» **Aim of the task**: All of the records below need to be written out exactly, but without the pictures.

Short web captions
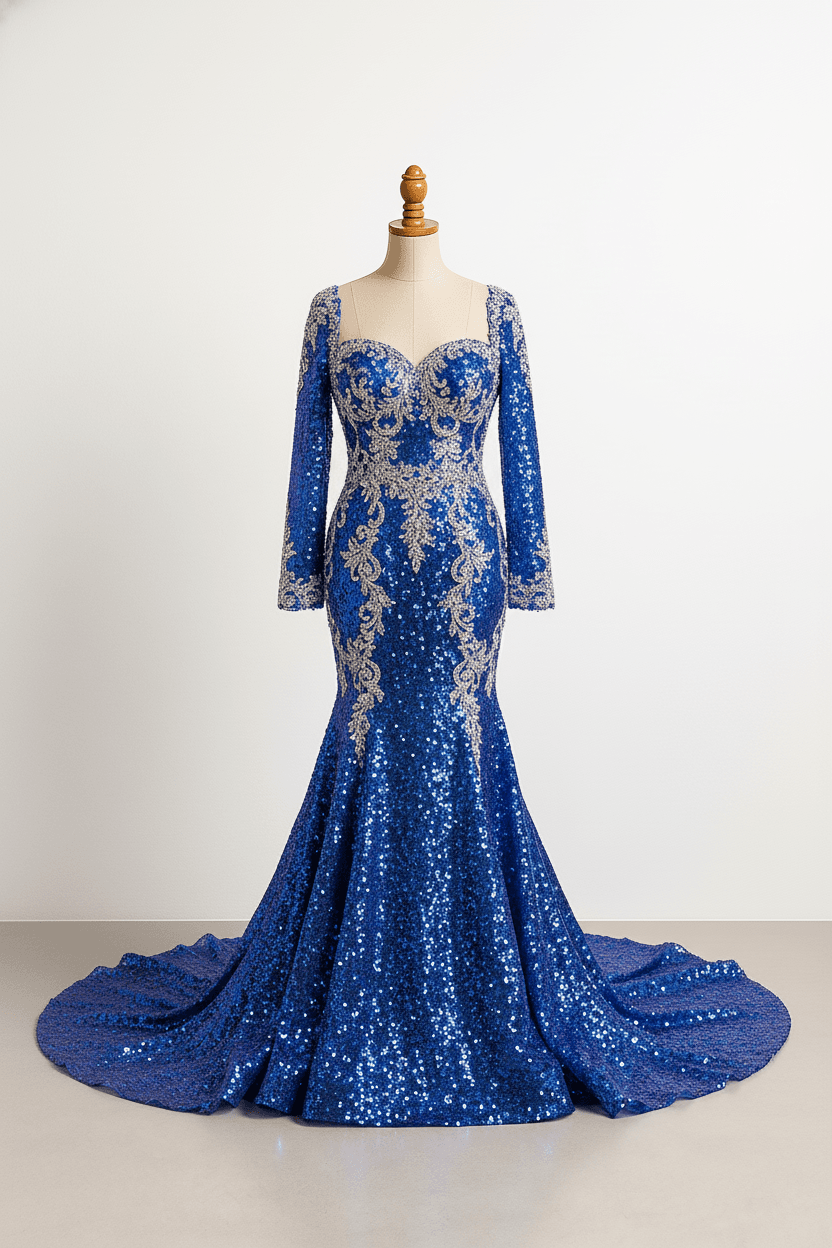 A romantic wedding dress with elegant details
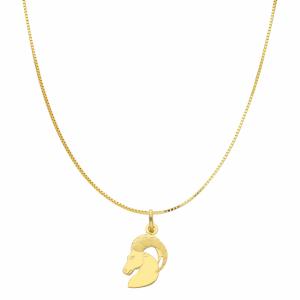 Collana con ciondolo Oroscopo - segno zodiacale - in oro giallo CAPRICORNO - gallery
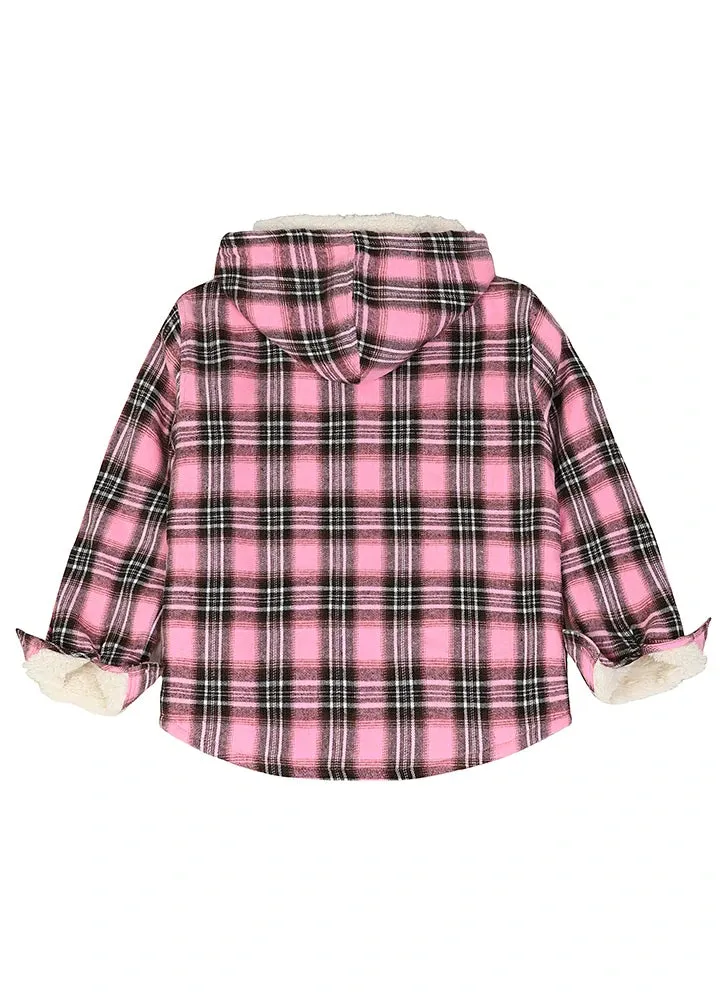 Girls Matching Family Pink Hooded Plaid Flannel Shirt Jacket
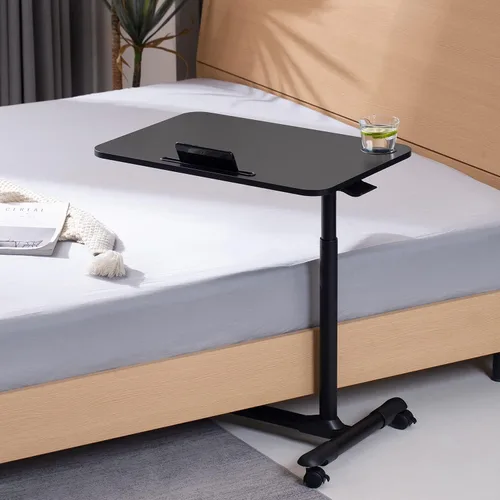 Vista 2 de ETHU Mesa de cama con elevador hidráulico, mesa de cama ajustable de altura de 27.1 a 34.2 pulgadas con ruedas bloqueables, mesa de grano de madera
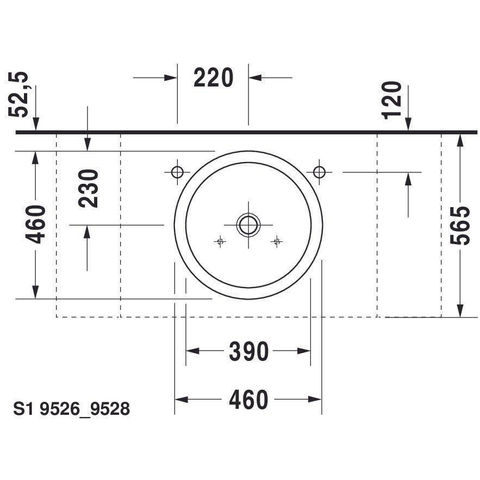 Duravit Starck 1 - opbouw wastafel - 46cm - zonder kraangat - zonder overloop - glans wit 0308307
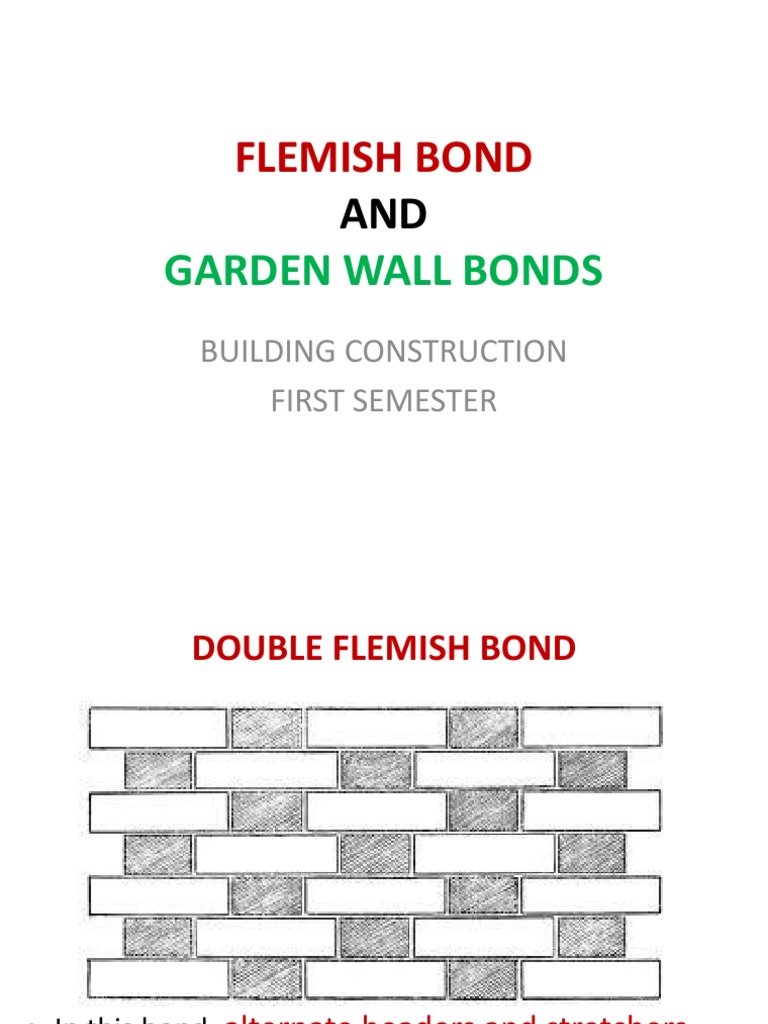 Flemish Bond and Garden Wall Bonds PDF Ceramic Materials Building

» **Answer space**:
 A romantic wedding dress with elegant details
 Collana con ciondolo Oroscopo - segno zodiacale - in oro giallo CAPRICORNO - gallery
 Girls Matching Family Pink Hooded Plaid Flannel Shirt Jacket
 Vista 2 de ETHU Mesa de cama con elevador hidráulico, mesa de cama ajustable de altura de 27.1 a 34.2 pulgadas con ruedas bloqueables, mesa de grano de madera
 Duravit Starck 1 - opbouw wastafel - 46cm - zonder kraangat - zonder overloop - glans wit 0308307
 Flemish Bond and Garden Wall Bonds PDF Ceramic Materials Building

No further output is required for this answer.